Some questions about Focal loss(alpha_t) #2

Open yzldw333 opened 6 years ago

yzldw333 commented 6 years ago

alpha_t = tf.where(tf.equal(onehot_labels,1.0),alpha_t,1-alpha_t) Hi, today I see the paper about Focal Loss, and I didn't see anything formula about alpha_t, I saw you write it as above, in my opinion this formula has no meaning because alpha_t which becomes 1-alpha_t has to multiply zero. Am I right?

CasiaFan commented 6 years ago

@yzldw333 In part 3.1 of focal loss paper, the author says:

For notational convenience, we define αt analogously to how we defined pt

Before this line, alpha_t = tf.scalar_mul(alpha, tf.ones_like(onehot_labels, dtype=tf.float32)) will be performed first. so alpha_t is alpha which equals 0.25 by default and 1-alpha_t is 0.75.

BTW, this project is still under development, so some bugs are still not found. Any issues are greatly welcome!

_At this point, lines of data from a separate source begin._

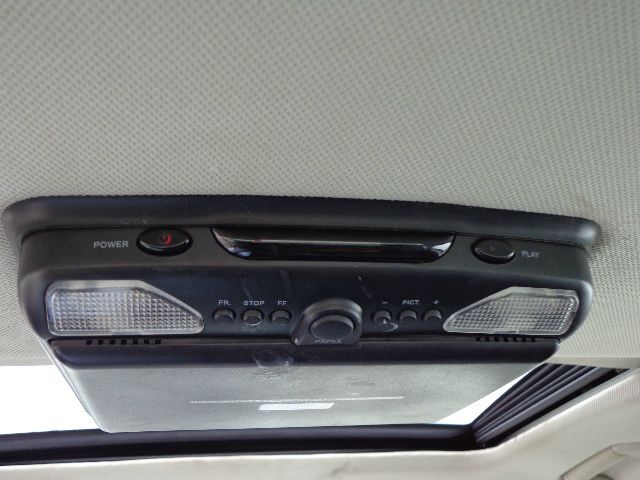 Infiniti M35 2006 photo 11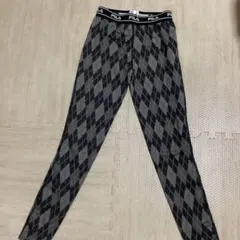 FILA レギンス　サイズS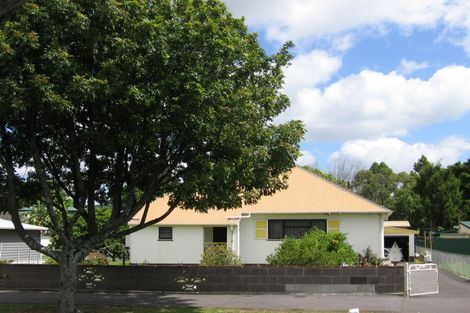 Photo of property in 63 Victor Street, Avondale, Auckland, 1026
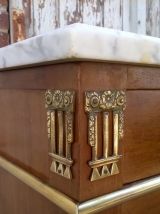 commode style louis xvi 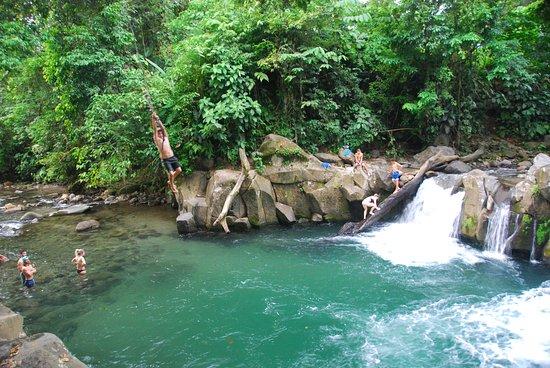 El Salto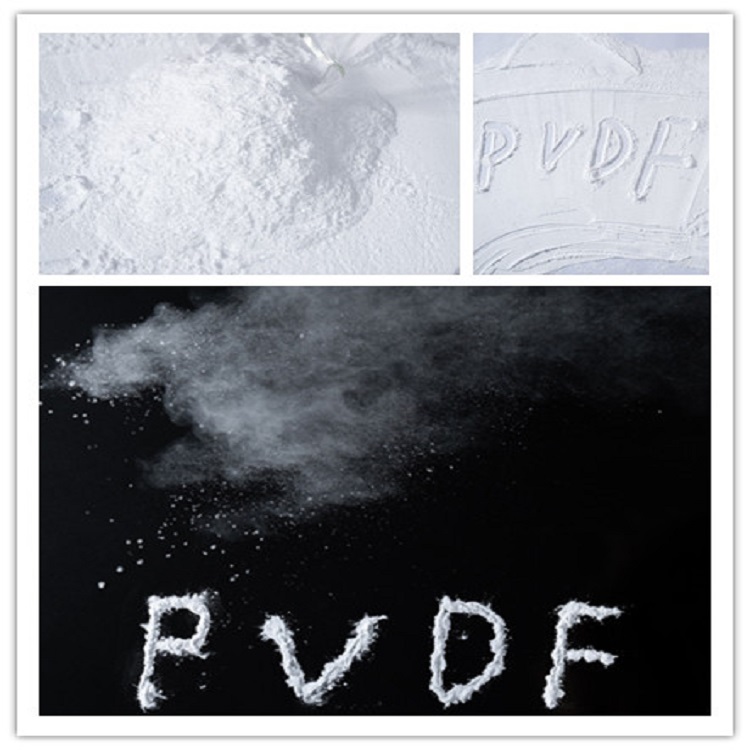 河北PVDF树脂厂家批发 透明白色工程塑料 耐候耐酸防磨损腐蚀涂层
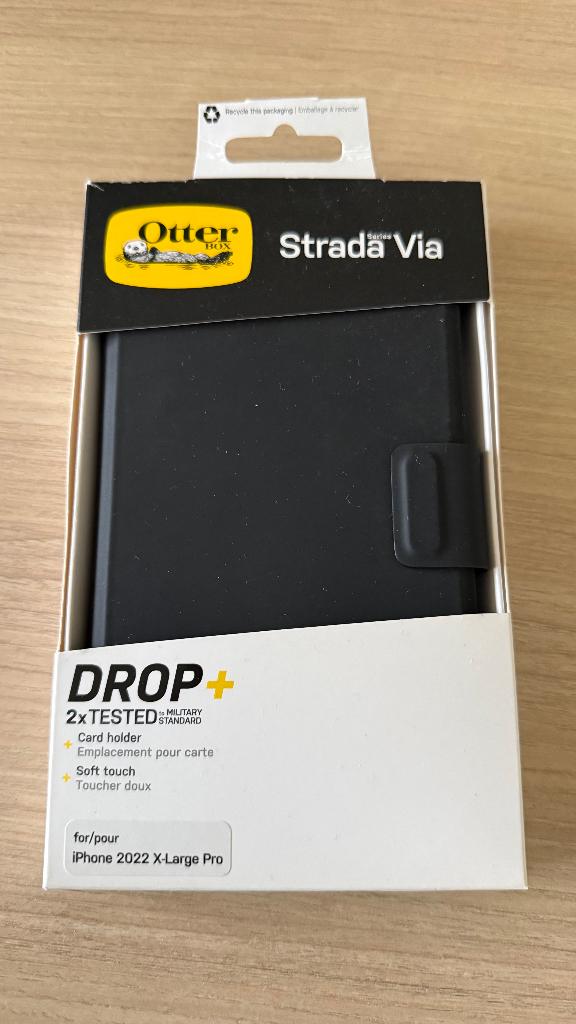Otterbox hoes voor iPhone 14 Pro Max, Ophalen, Nieuw, IPhone 14 Pro Max, Hoesje of Tasje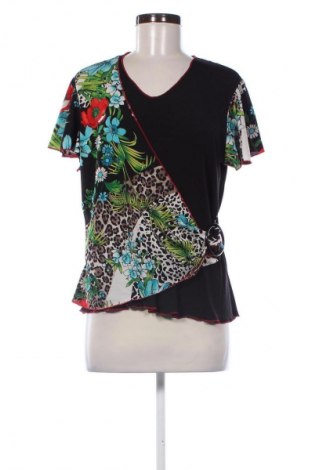 Dámska blúza Unbranded, Veľkosť L, Farba Viacfarebná, Cena  9,72 €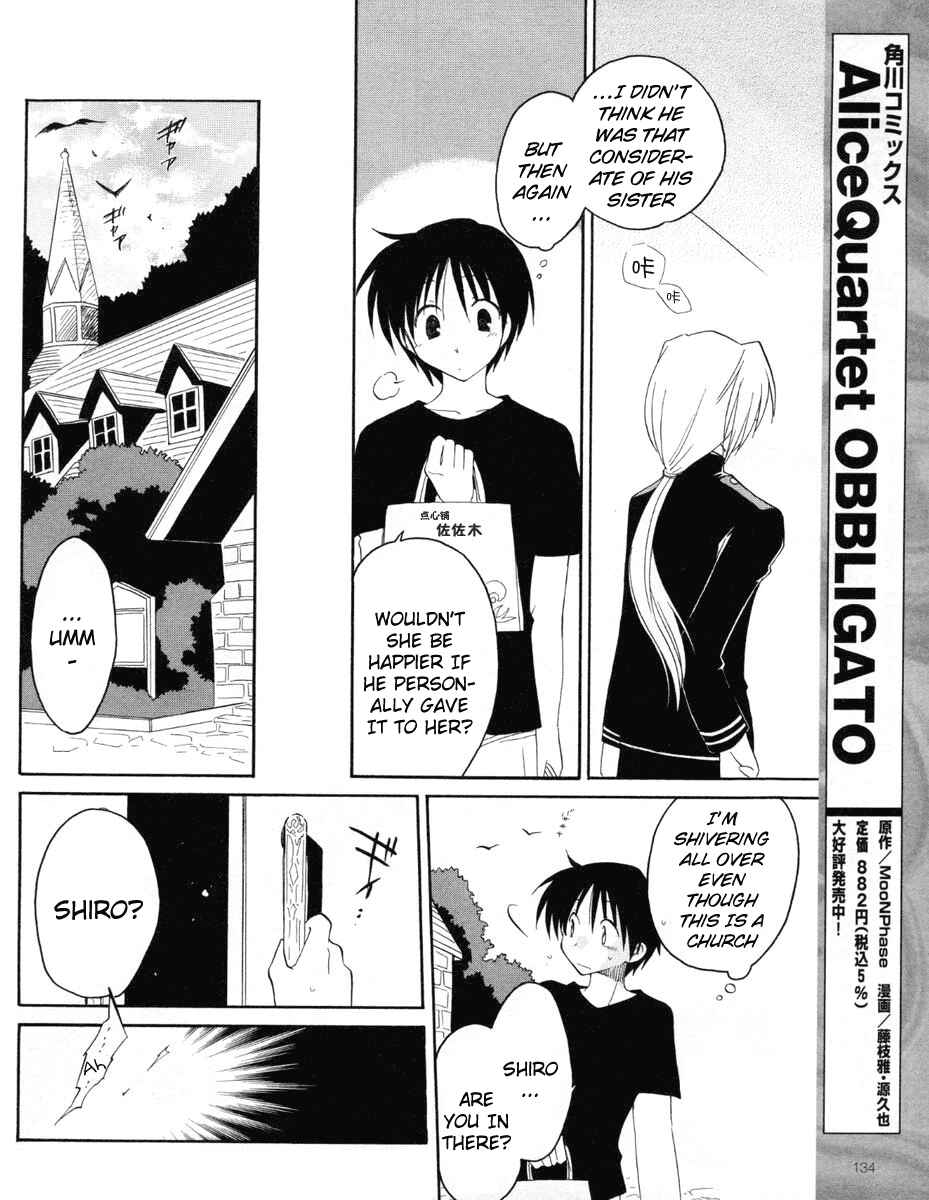 Page 17 Chapter 6 Fortune Arterial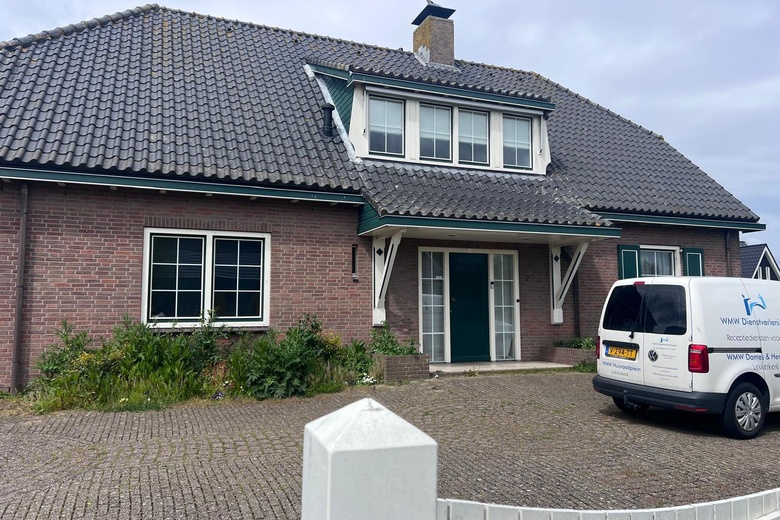 Bedrijfsruimte Lekkerkerk - Randweg 2 - Foto 10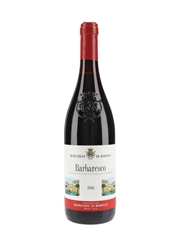 Barbaresco 1986 Marchesi Di Barolo 75cl / 13%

yzldw333 commented 6 years ago

我用中文啦，我尝试把这个加入视频3d卷积训练的过程中，发现收敛速度貌似变快了。

CasiaFan commented 6 years ago

@yzldw333 这个loss对于容易训练和难训练样本之间比例偏差很大的时候会很有用，会把难训练样本造成的影响放大，因此收敛的速度确实会变快

dongdongrj commented 6 years ago

@CasiaFan @yzldw333 ,我也用中文，这个demo可以用CPU跑吗？

CasiaFan commented 6 years ago

@dongdongrj 这个demo目前还是有bug的，所以你可以先用其他库类似keras-retinanet先代替。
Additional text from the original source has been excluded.